Instructions for the task
Print the listing below word for word, but drop any pictures it contains.

Data block

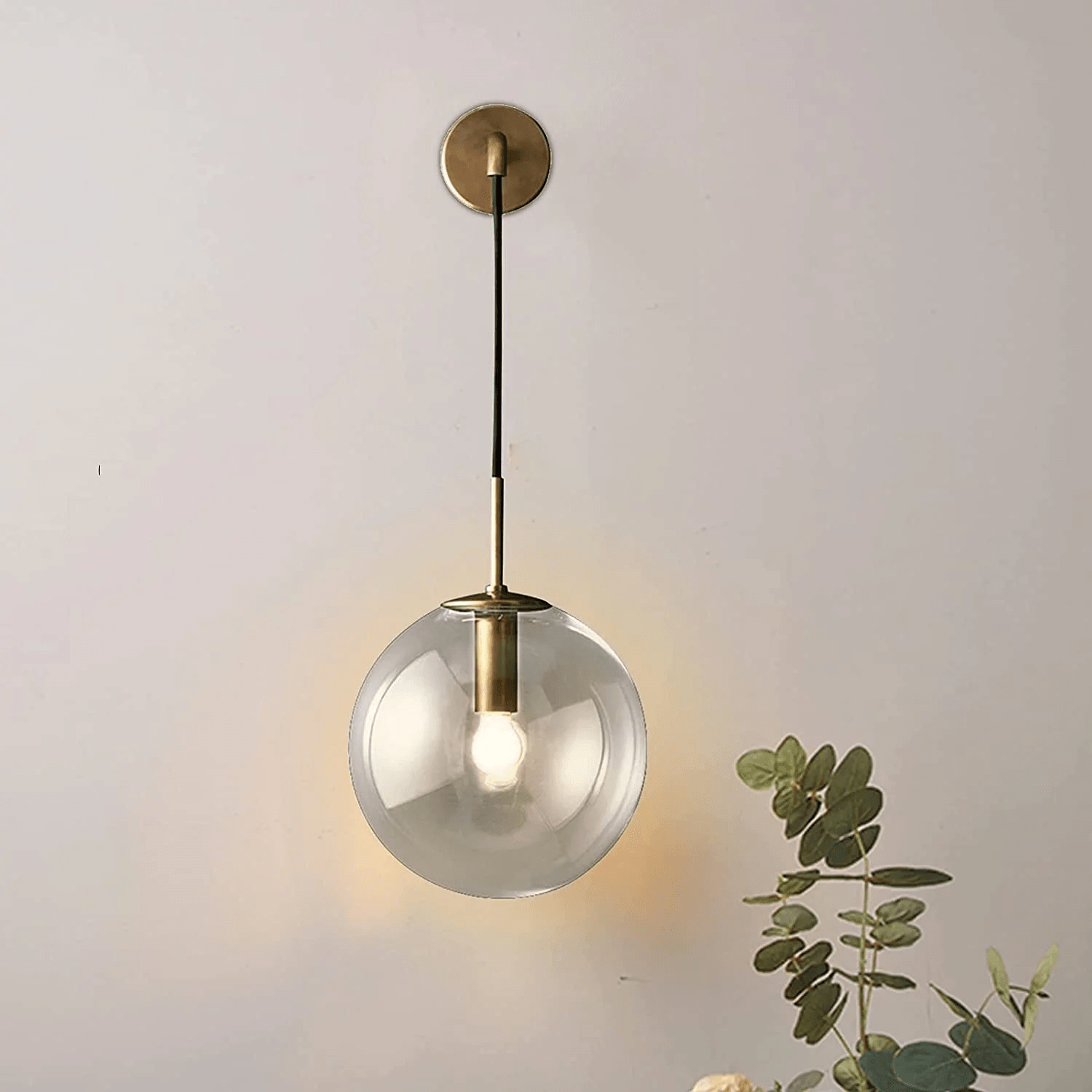 Glazen Wandlamp met Metalen Armatuur – Moderne Wandverlichting voor Hal, Slaapkamer en Woonkamer | Sansoti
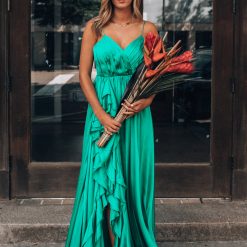 Southern Alternative Under The Stars Satin Gown (Green) Dresses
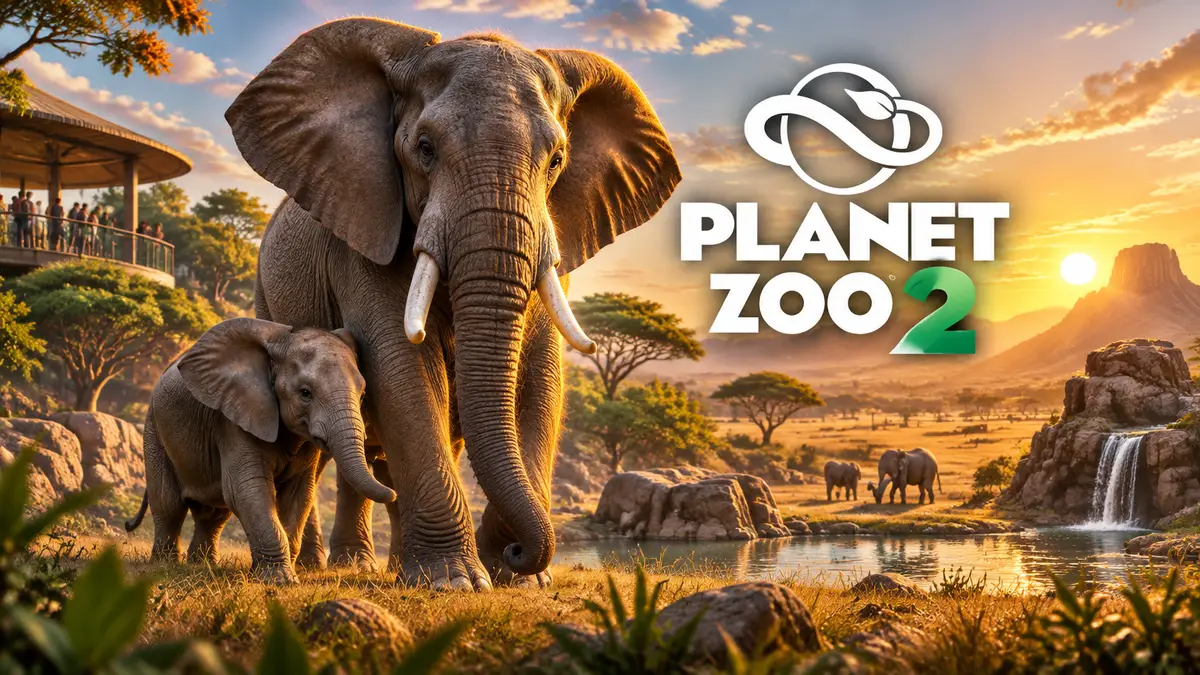 Слоны в просторном вольере зоопарка на фоне саванны и логотипа Planet Zoo 2, тёплый закатный свет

Output
 Glazen Wandlamp met Metalen Armatuur – Moderne Wandverlichting voor Hal, Slaapkamer en Woonkamer | Sansoti
 Southern Alternative Under The Stars Satin Gown (Green) Dresses
 Слоны в просторном вольере зоопарка на фоне саванны и логотипа Planet Zoo 2, тёплый закатный свет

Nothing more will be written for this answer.